The report, released last September, covered the entire Greater Trail region, from Rossland to Warfield and Trail, and up the Beaver Valley to Montrose and Fruitvale, as well as the regional district’s area A and B.

But the strategic plan, published in April, is now being toured about the region to get buy-in from local governments. In early September it will make its final stop with Trail and Warfield’s councils.

The report highlighted an increased need for seniors’ housing—both market housing and subsidized housing—and modernizing homes currently owned by seniors. By 2021, 25.5 per cent of Greater Trail’s population will be seniors.

There was also an identified need to address affordable rental housing for people who were low income because of the significant number of people—40.1 per cent of rental households—in the region with that core housing need.

Morton said there was also a group of individuals that they refer to as homeless, or chronically hard to house, that needed direct housing support.

It’s not a simple fix, Morton explained, but will instead be a whole bunch of small fixes that will gradually move the stock in line with the market demand.

To get there, Greater Trail governments need to begin to implement policies now that shift the housing into a condition that reflects what the demand is, the strategic plan noted.

That starts with amending official community plans, building into it the kind of housing mixes necessary to cover the needs, and backing it up with bylaw, policy and decision making, said Morton.

Government policy also has to overcome the stigma of multi-family housing: People’s refusal to accept such developments in their neighbourhoods.

“There has to be courage of decision making,” said Morton. “If we are looking to the future and the long term prosperity of our region, we need to make some of those courageous decisions.”

Once the strategic plan is delivered in September, there may be a housing society set up to guide the continuation of the process in the Greater Trail region over the next 10 years.

The society would monitor trends, have housing information available for both community organizations and private sector interests as they consider various developments, and address housing for special population groups.

In addition, it could put together projects and proposals for creating funding for attainable housing.

“Those are the steps we are looking to move in, in incremental steps and in collaboration with local government,” Morton concluded.

The report and the strategic plan are available online at www.lcddt.com.

 

The housing foundation

A disturbing pattern in the local economy gave rise to the need for the report and the resultant strategic plan.

The Lower Columbia Community Development Team (LCCDT) had been hearing from Greater Trail employers in 2008 that, as they were offering jobs to people (filling in workforce gaps due to the loss of retiring baby boomers) many were turning them down because of housing.

Those that weren’t accepting the positions being offered were asked why, and the theme that “we are not finding the housing we are looking for” came up repeatedly, said Morton.

As well, the LCDDT heard informally that people were getting jobs in the Greater Trail region but living elsewhere.

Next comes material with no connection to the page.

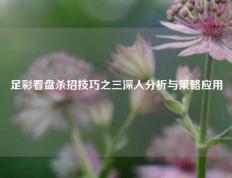 足彩看盘杀招技巧之三深入分析与策略应用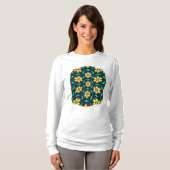 Gele Abstracte bloemen T-shirt (Voorkant volledig)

And there were major challenges for low income and growing issues of homelessness.

“All of that converged and really informed the LCCDT that what they needed was a committee to look at this and develop a plan of action,” said Morton.

The need gave rise to the attainable housing committee one year ago, and spawned a report and a strategic plan to put in front of the local municipal leaders for review.

This is now the critical stage, said Morton, since it will require the region to speak with a one voice on a common, critical issue.

“We really need to be looking at housing as a regional system because there are going to be times where a solution will be found in Fruitvale, and another solution in Rossland or another in Trail,” she said.

“But we need to look at the region as a whole as we address these housing demands.”